Objectives: Grounded in an ecological approach where participants are acknowledged as experts and knowledge co producers, our work aims at understanding how they cope with mainstream education in high schools.

Methods: 26 teenagers with HFASC (13-17) and their parents collaborated in this research, in France (n=17) and in Quebec (n=9). This study examines qualitative data from semi-structured interviews with the teenagers in the light of descriptive analyses of two questionnaires that they completed: the Friendship Qualities Scale (FQS) and the Self-Perception Profile for Adolescents (SPPA).
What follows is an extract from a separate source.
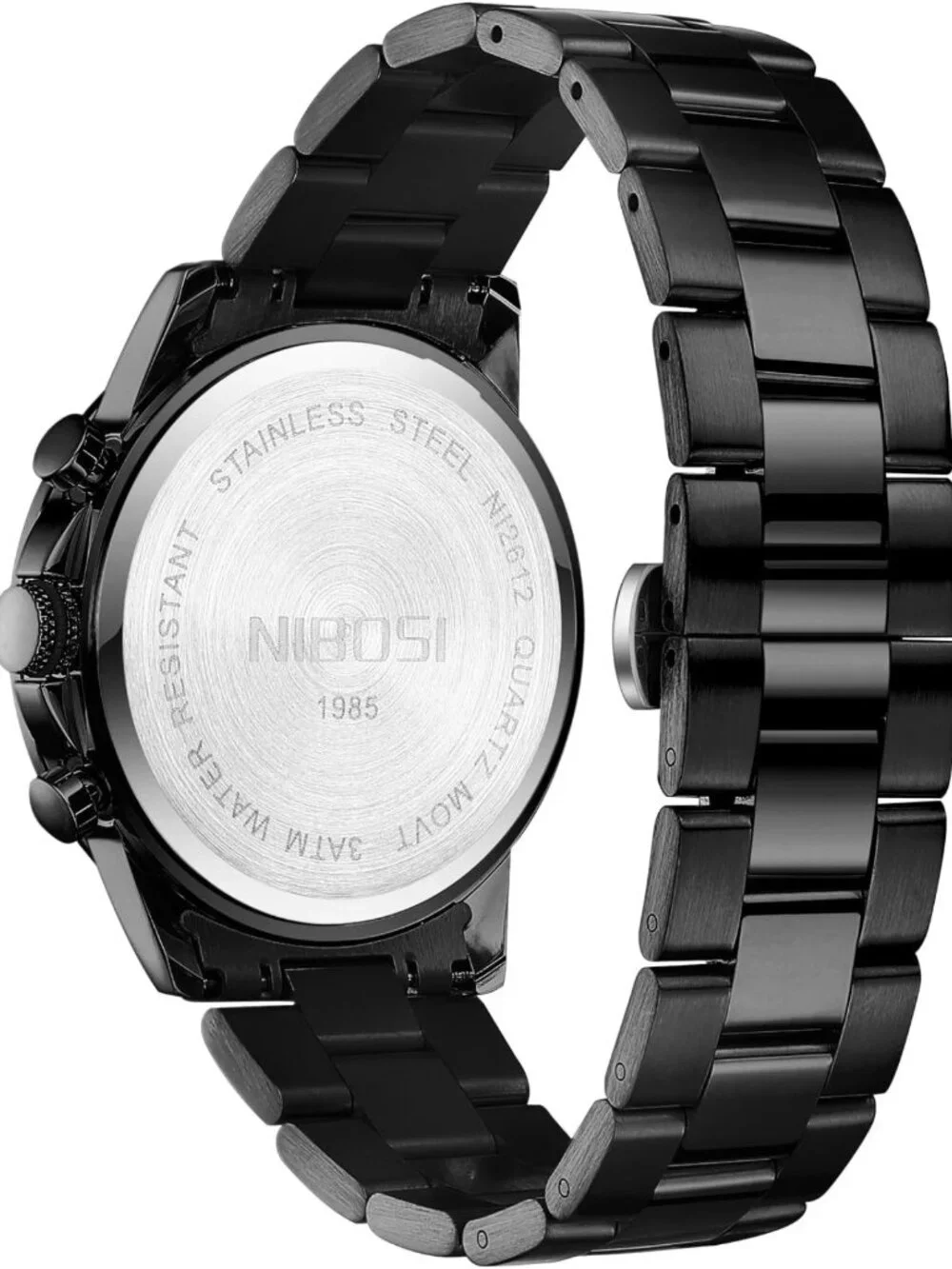 Stylish Men's Analog Quartz Watch - Waterproof Stainless Steel, Day & Date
Results: Questionnaire analysis. Cluster analysis identified three profiles of friendship representation (FQS), mainly distinguished by two dimensions: companionship and help/aid from a friend. Three dimensions (social acceptance, close friends and physical appearance) differentiate self-perception into a 4-group typology (SPPA). Moreover, social skills training support (individual or group sessions) were positively correlated with more confident friendship and self-representations. Thematic analysis. Managing sensory overload in the school setting (N=20), perceived immature behaviors and bullying from peers (N=19) and fatigue resulting from to important workload (N=15) are identified as the main obstacles for their wellbeing in high school. On the contrary, being included in an intensive or international academic program (N=7), being driven by a passion or a clear objective (N>15) and having a friend in the school environment (N=11) appear to be important enablers for a successful inclusion. In France, the benefits vs limits of the teaching assistant’s presence in class (between 12 to 20 hours per week) need to be examined more closely, from the perspective of specific challenges for self-esteem and autonomy. Although strongly dependent of peers’ representations, the autistic identity is generally well lived and accepted, especially outside of high school (N>18). Finally, differences between France and Quebec in access to health services and school systems appear to have little impact on adolescents’ well-being but raise a number of questions regarding provision support access inequalities for certain families, considering the frequent use of private services in France.

Conclusions: When France and Quebec just released their new national plans for autism, transition from adolescence to adult life will constitute one of the major challenges for youth with HFASC in the next few years and has to be anticipated as soon as possible. This preparation would allow the adolescents to gain autonomy and practical skills to better understand their needs and strengths and allow them to speak for themselves in a professional environment. Finally, our work highlights the interest for Francophone research and society to move from a deficit-led approach to a neurodiversity paradigm, promoting empowerment of individuals and considering ASC as a valuable contribution to human diversity.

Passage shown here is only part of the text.